A design for locking.
---------------------
(...in progress, based on ongoing discussions on dev@ list.
Please hack on this.)
A "lock" means a (possibly shared) write-lock on a file or directory.
When a file or directory is locked, only the lock-holder(s) may commit
a change to it.
- In the case of files, "commit a change" means changing a file's
text or props, deleting it, or moving it.
- In the case of directories, "commit a change" means changing the
directory's props or entries-list, deleting it, or moving it.
This also applies recursively, to all child directories & files.
[How about depth-0 directory locks? The use-case is to protect
dir props only; useful since those are not merged. --brane]
Repository Implementation:
--------------------------
* Implement in libsvn_repos, not libsvn_fs. Just like the hooks
feature, locking is an external system overlaid on top of a
versioning filesystem.
- Create new pre- and post- lock/unlock commit hooks.
- Have svn_repos_fs_commit_txn() enforce locking.
* Locks table
Location and implementation of this table is still being discussed.
-----------------
Various options for client-side behavior.
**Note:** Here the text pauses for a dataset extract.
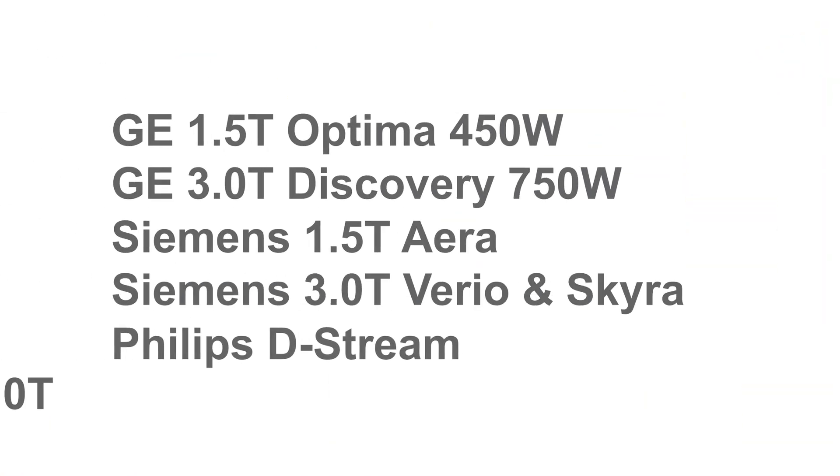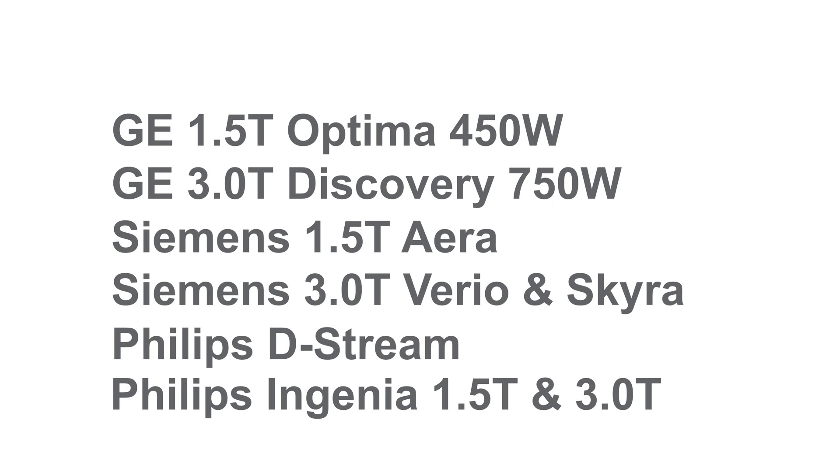Systems in this tier include the GE 1.5 Optima 450W, the GE 3T Discovery 750W, the Siemens 1.5 Aera, the Siemens 3T Vario and Skyra, and the Philips D-Stream and Ingenia 1.5 and 3T systems.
Drop brainstorms here.
Most of this discussion is based on stuff happening in IRC, which will
be refined and brought to the dev@ list.
Goals:
- client must allow user to lock/unlock paths.
- want to prevent the user from wasting time on an unmergeable change.
Framework:
- the client will have 'svn lock/unlock' commands.
- a lock-token's is an object whose most important fields are a
UUID and username.
* Justification for lock-tokens: the svn client doesn't always
know who you are. Not all repository connections are
authenticated (for example, typically not read operations),
so it's too error-prone to identify locks purely by
username. Instead, we identify locks by uniquely named
lock-tokens. Hence the UUID.
* (still being discussed) We may want to include a 'comment'
field which shows users why a file was locked. (who/where/why).
- 'svn lock' returns a lock-token to the client, then stored in the WC.
If the connection is unauthenticated, then the lock creation fails.
In other words, we don't allow "anonymous" locks.
- 'svn commit' notices the lock-token on a committable object, and
sends it when building the repository transaction. (The server
requires the token, along with matching authn, to allow the path
to be changed.)
- 'svn unlock' also requires authentication (but not a token). If
successful, the lock is removed from the path.
Still being discussed: perhaps 'svn unlock' requires token
and authn, while 'svn unlock --force' requires only authn.
- need to extend 'svn status' to include locked objects in its
standard display of "interesting things." (Additionally, 'svn st
-u' probably needs to show objects locked in the repository,
along with lock comments if --verbose is used.)
UI interaction models:
- The latest client UI proposal.
Mark certain files with a special svn: property which means
"this file cannot be changed except when locked." Files with
this property would be read-only in the working copy most of
the time for most users. 'svn lock' makes the file editable,
which means users get habitutated to the command, and thus are
more likely to discover pre-existing locks before starting
unmergeable work.
Note that you can still 'svn lock' any file you want. The
special property isn't required, it's just a way of helping
people remember that a file is unmergeable.
[I suggest that this should be a read-only liveprop whose
value is implied by server-side configuration, and can't
be modified by the client. This is a repository policy,
not a user decision. -- brane]
Weird scenarios with lock-tokens/working-copies:
- Every lock has exactly one lock-token.
User locks a file, gets a lock-token. This token now lives in
this single working copy. If the user wants to "control" the
file from a different working copy, then she must
- 'svn unlock file' (from anywhere; only requires authn)
- re-lock the file in the 2nd working copy.
This generates a new lock, and thus a new lock-token (new UUID),
stored in the 2nd working copy.
* Probably want to implement 'svn relock' or 'svn lock
--force' to "steal" an existing lock.
* Question: what about the first working copy? It still
thinks it has a lock, but that lock doesn't even exist
anymore. It's been destroyed. What's the mechanism for the
working copy to learn this and toss its dead lock-token?
- Branko thinks 'svn up' should report lock tokens, and
should remove stale locks as a sort of conflict.